Al Di Meola & Band al Teatro Carlo Felice di Genova

Foto: Gentile Concessione Ufficio Stampa Giovine Orchestra Genovese www.gog.it










Al Di Meola & Band al Teatro Carlo Felice di Genova

Genova, Teatro Carlo Felice – 22.5.2017

Al Di Meola: chitarra

Peo Alfonsi: chitarra

Fausto Beccalossi: fisarmonica

Il nome di Al Di Meola attira sempre un pubblico numeroso per la fama raggiunta dal chitarrista grazie soprattutto alla sua presenza, negli anni settanta, nei Return to forever di Chick Corea e in seguito nel supertrio accanto a John Mc Laughlin e Paco De Lucia.

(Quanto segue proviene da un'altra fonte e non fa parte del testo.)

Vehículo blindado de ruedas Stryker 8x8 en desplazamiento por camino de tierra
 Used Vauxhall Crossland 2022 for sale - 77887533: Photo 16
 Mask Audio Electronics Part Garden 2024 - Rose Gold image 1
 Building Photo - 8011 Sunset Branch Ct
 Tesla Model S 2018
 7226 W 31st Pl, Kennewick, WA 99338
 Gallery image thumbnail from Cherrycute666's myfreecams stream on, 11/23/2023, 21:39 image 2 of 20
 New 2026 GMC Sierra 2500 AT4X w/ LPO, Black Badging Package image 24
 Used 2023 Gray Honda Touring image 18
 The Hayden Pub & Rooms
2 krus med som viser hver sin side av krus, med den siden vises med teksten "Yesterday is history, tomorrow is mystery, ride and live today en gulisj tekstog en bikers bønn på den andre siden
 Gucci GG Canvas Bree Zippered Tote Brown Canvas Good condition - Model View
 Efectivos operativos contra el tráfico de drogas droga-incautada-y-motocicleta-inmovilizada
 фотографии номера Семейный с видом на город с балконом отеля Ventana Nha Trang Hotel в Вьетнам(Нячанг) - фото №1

Così accade anche a Genova, dove il teatro risulta quasi esaurito all’entrata in scena del musicista americano a fianco dei due partners italiani, Peo Alfonsi e Fausto Beccalossi, suoi abituali collaboratori da parecchi anni. Di Meola è ben disposto e lo si capisce subito, da come gioca con un microfono non ben fissato, rendendo l’imprevisto l’oggetto di una gag basata su doppi sensi e da come si spende per introdurre e illustrare la scelta di alcuni brani, a cui tiene in particolar modo. L’esibizione procede per blocchi in successione, andando a toccare le composizioni di Astor Piazzolla, inizialmente, per passare in seguito ai Beatles di Abbey Road, ad alcuni originals, pezzi forti dello specialista della sei corde. Non può mancare qualche incursione nel sound latino, altra passione manifesta del bandleader. Il trio lavora parecchio su musica scritta, su arrangiamenti predefiniti, a cui, poi, i solisti aggiungono qualche elemento personale secondo l’estro del momento. Di Meola catalizza l’attenzione con il suo fraseggio cangiante, morbido e lirico, o nervoso e incalzante con quei passaggi rapidissimi a sdipanare una serie infinita di note, per lo stupore dei dilettanti dello strumento, ammaliati dalla strabiliante tecnica del virtuoso. Peo Alfonsi, da parte sua, asseconda le invenzioni del leader, mostrandosi sensibile e incisivo quando esce in assolo. Fausto Beccalossi, invece, punta molto sull’aspetto timbrico della fisarmonica. Il mantice caratterizza decisamente il suono complessivo del trio per la sua memoria tanguera, per il suo retaggio etno-world. Il concerto va avanti senza indulgere in momenti spettacolari fini a sé stessi o in stucchevoli virtuosismi. Di Meola preferisce lustrare a nuovo i gioielli del suo repertorio o omaggiare autori da lui amati e scavati a fondo in anni e anni di studio e riproposizione.


La serata, molto festeggiata dagli spettatori genovesi, si chiude dopo 100 minuti con alcuni bis, fra cui brilla Mediterranean sundance, solare e sofisticata come la musica di Al Di Meola, provvista spesso di complicate armonizzazioni, ma abbordabile, piacevole, mai scontata.